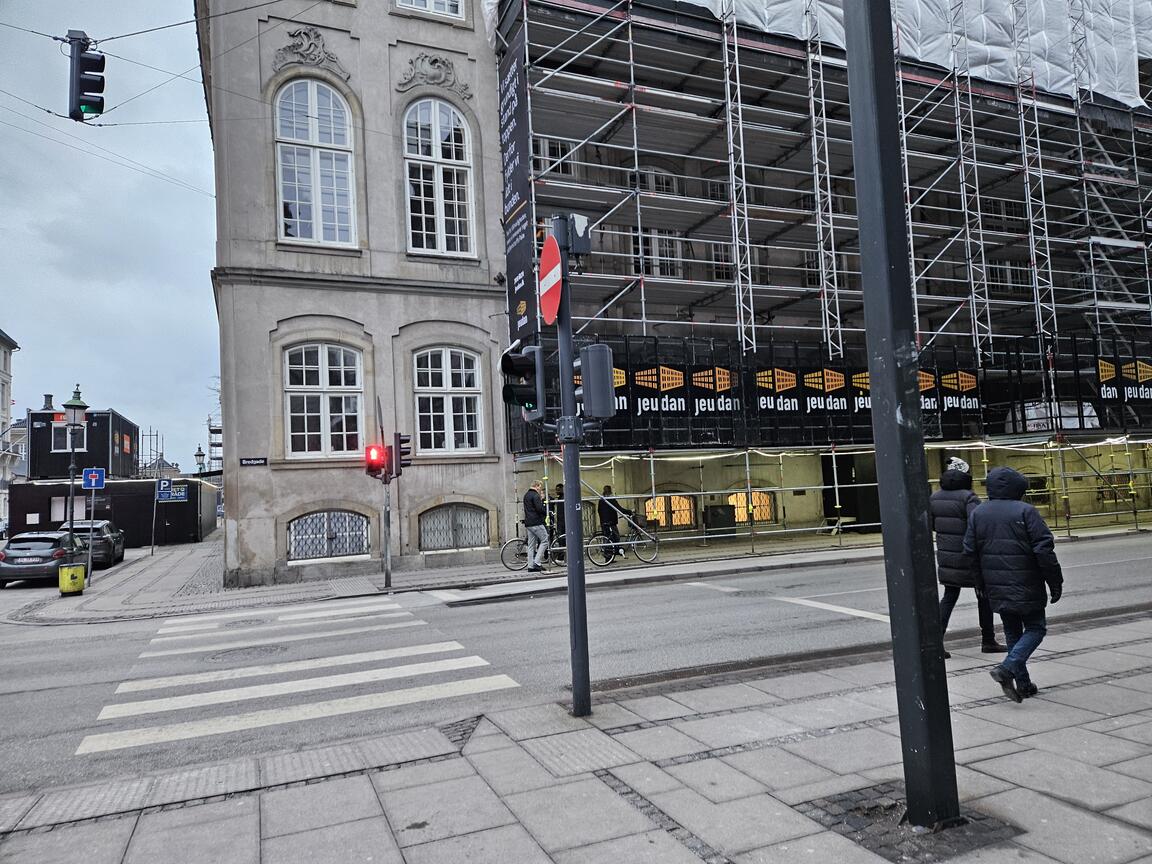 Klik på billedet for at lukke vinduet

...

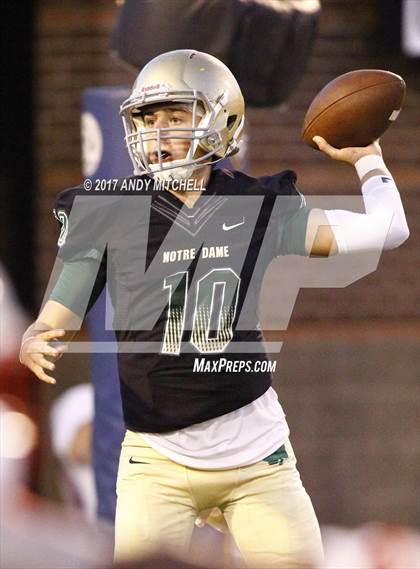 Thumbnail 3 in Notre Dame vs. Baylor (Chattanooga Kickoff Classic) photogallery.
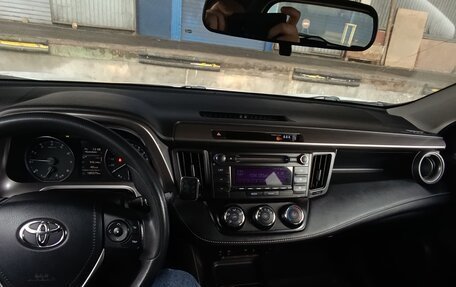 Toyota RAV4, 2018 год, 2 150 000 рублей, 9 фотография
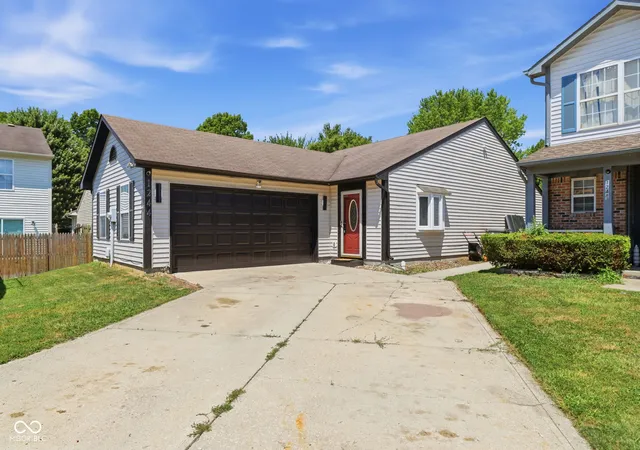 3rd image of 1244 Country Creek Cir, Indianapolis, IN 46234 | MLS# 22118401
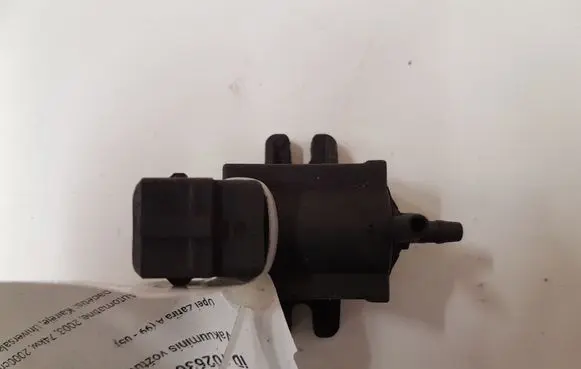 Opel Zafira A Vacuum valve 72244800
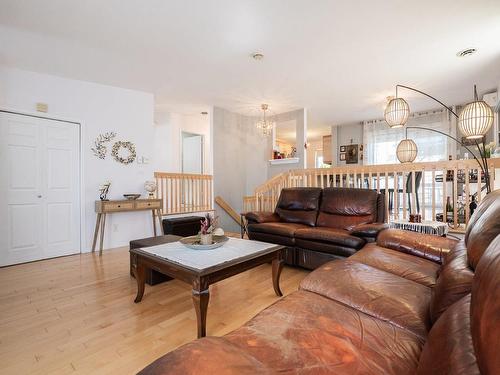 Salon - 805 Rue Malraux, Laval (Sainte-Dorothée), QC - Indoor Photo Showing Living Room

==

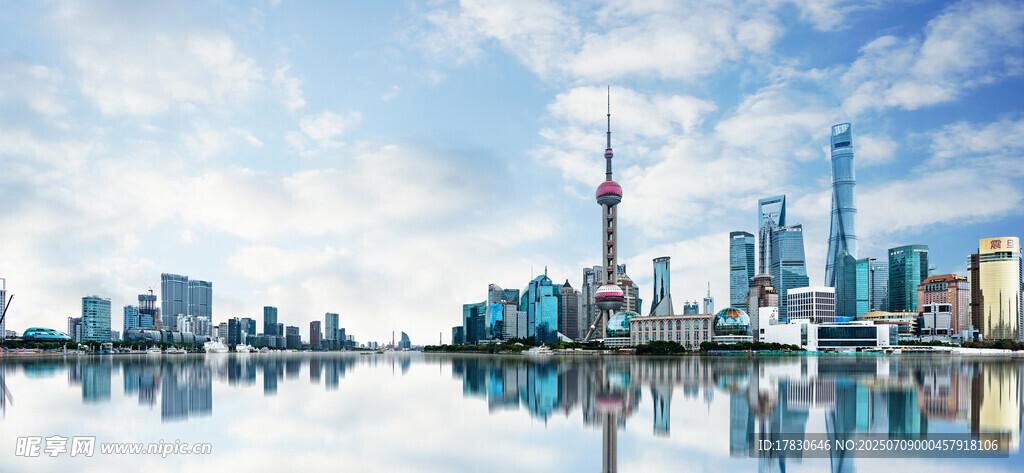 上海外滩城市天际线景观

§ What needs to be done: Starting at the line above that has "Opel Zafira A Vacuum valve 72244800" and ending at the line that has "Salon - 805", copy each line exactly, leaving the pictures out and adding nothing.

§ Answer:
 Opel Zafira A Vacuum valve 72244800
 Salon - 805 Rue Malraux, Laval (Sainte-Dorothée), QC - Indoor Photo Showing Living Room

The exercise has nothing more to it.